Wednesday, April 8, 2009

Palic Lake


































Seven kilometers to the east of Subotica is the village Palić and next to it lies a tranquil body of water that bears the same name. The shallow saltwater lake of aeolian origin is rich in thermal springs. Since the mid-19th century the area around the lake has prospered into a prestigeous health resort and vacation area.

Although the avarage depth of the lake is only 2 m, it has cosy and tended beaches along its 17 km long shores, offering opportunities for various water sports and fishing. A large park embraces the lake and dotted with picturesque villas and hotelsis becoming a popular excursion point for tourists.
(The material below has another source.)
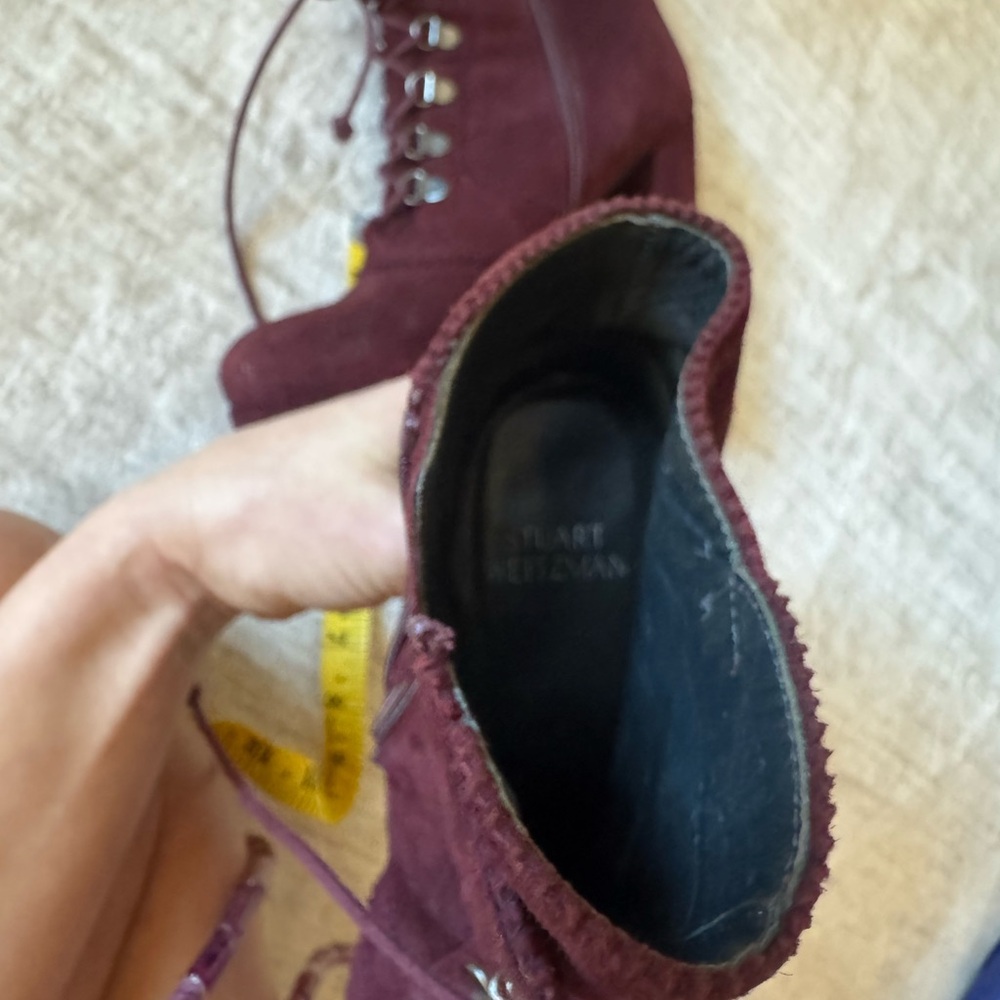 Stuart Weitzman Burgundy Suede Lace-Up Booties – Size 7 – 5” Heel - Picture 9 of 10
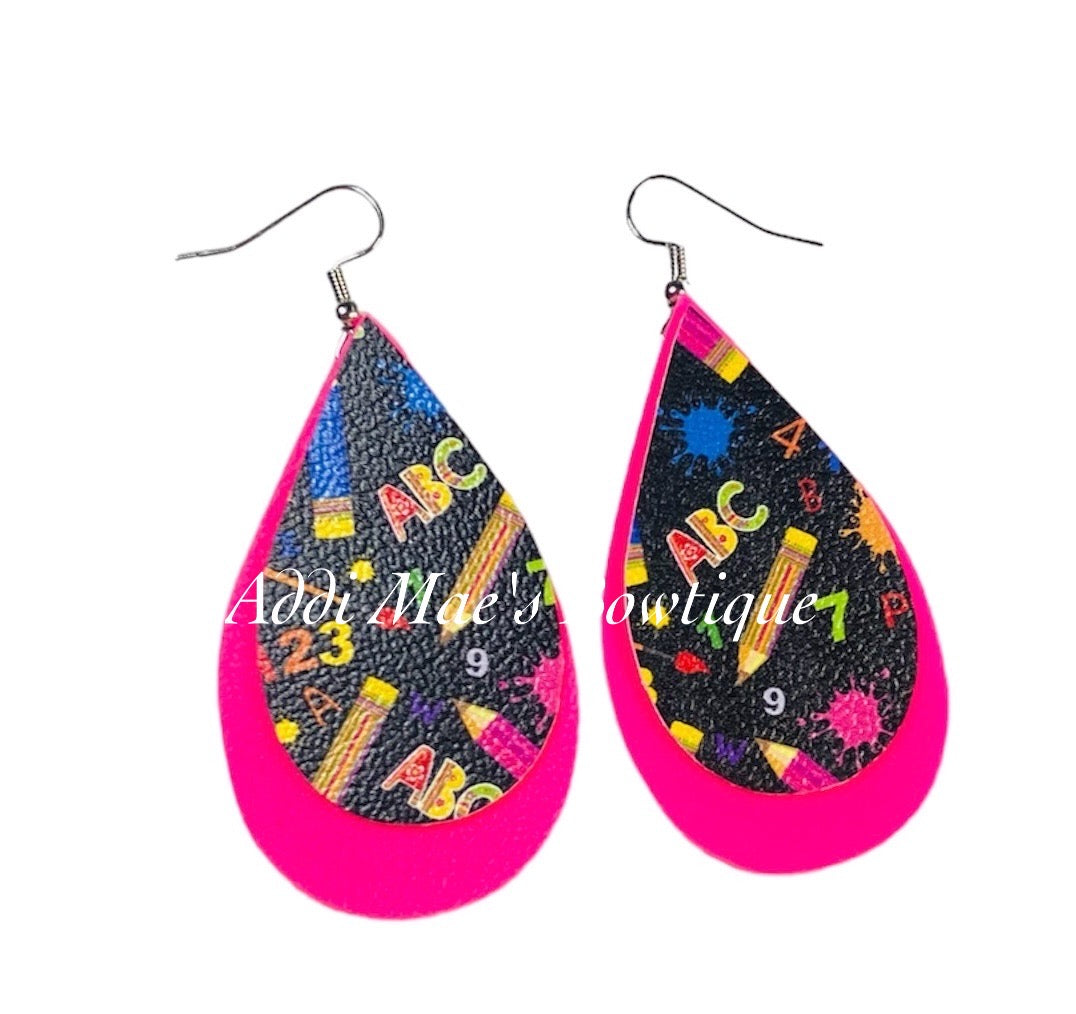 School Supplies Stacked Tear Drop Dangle Earrings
Palić can be reached by from Subotica, a nearby urban center close to the border with Hungary, or by train that stops here twice a day and continues on to Szeged. The bus stops in front of the main entrance of the park by the Water Tower (Vodotoranj), the symbol of the resort. Like all the other prominent buildings here, it is the work of Marcel Komor and Deže Jakab from 1912, when Palić was given its present appearance. The main park promenade begins at the Water Tower and leads to the stocky Grand Terrace, a beautiful Art Nouveau building also built 1912. On the other side of the Terrace, next to the lake shore, is the memorial well with an inscription about the founding day of the resort. To the right of stands the fairytale-like wooden Women’s Lido, rich in detail and reminescent of local ethnic motives.The characteristic Villa Lujza is near by, built in Swiss style (deemed to be the most adequate for spas) and the ruined Owl Castle, once home of the famous sportsman Lajoš Vermeš.

Palić also has a ZOO garden (phone: 024/753-075, open every day from 9 a.m. to 6 p.m.) and a large open air stage that hosts the annual Palić International Film Festival in July.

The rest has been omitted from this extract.